Policy cookbook
Copy-paste snippets for common policy needs. Use in agent.talon.yaml (agent policy, owned by governance/compliance) or in talon.config.yaml gateway block (infrastructure config, owned by DevOps). Each entry states the goal, the snippet, and where it goes.
Enable governed memory
Goal: Let the agent persist learnings with governance (categories, PII scan, conflict detection). Memory is injected into later runs so the model can use stored context.
Where: agent.talon.yaml under memory.
memory:
enabled: true
mode: active
max_entries: 100
max_prompt_tokens: 500
allowed_categories:
- domain_knowledge
- factual_corrections
- user_preferences
- procedure_improvements
governance:
conflict_resolution: auto
Use mode: shadow to log what would be written without persisting. See Memory governance and How to verify memory is used.

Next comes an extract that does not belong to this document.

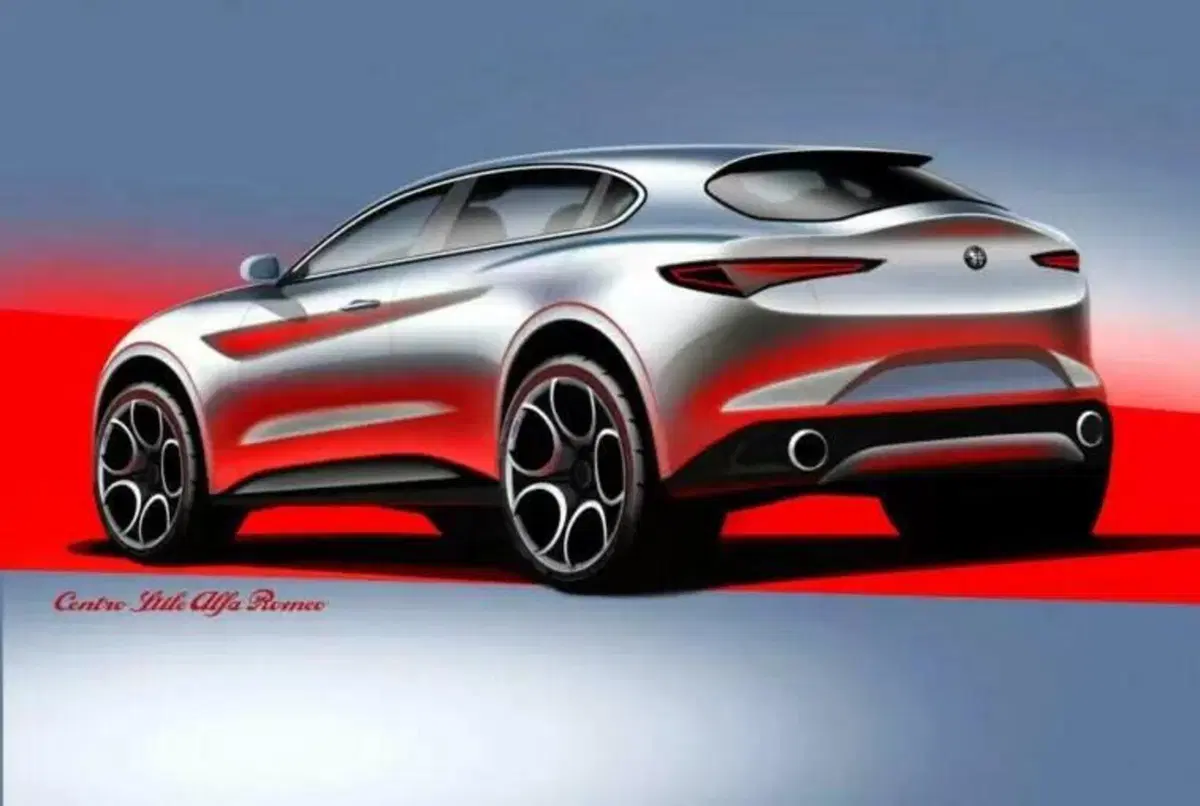 Dopo Covid B-SUV, FCA con PSA pronte a marchiare con ogni logo il piccolo Crossover: Alfa, Lancia e Jeep? (3)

Cache vs memory: Memory is agent-level learning (what the agent may remember). The semantic cache is infrastructure-level: it reuses LLM responses for similar prompts to save cost; it is configured in talon.config.yaml under cache, not in agent policy. See Memory governance — Cache vs memory.
Enable governed semantic cache (infrastructure)
Goal: Reduce LLM cost and latency by serving similar queries from a GDPR-safe, PII-scrubbed cache. Cache is checked before each LLM call; hits return a cached response and skip the provider.
Where: talon.config.yaml (infrastructure — owned by DevOps), not in agent.talon.yaml.
cache:
enabled: true
default_ttl: 3600 # 1 hour for public tier
ttl_by_tier:
public: 3600
internal: 900 # 15 minutes
similarity_threshold: 0.92 # 0–1; higher = stricter match
max_entries_per_tenant: 10000
- Cache stores embeddings/hashes of prompts (not raw text) and PII-scrubbed responses only.
- Confidential/restricted data tier and high-severity PII requests are not cached (OPA policy).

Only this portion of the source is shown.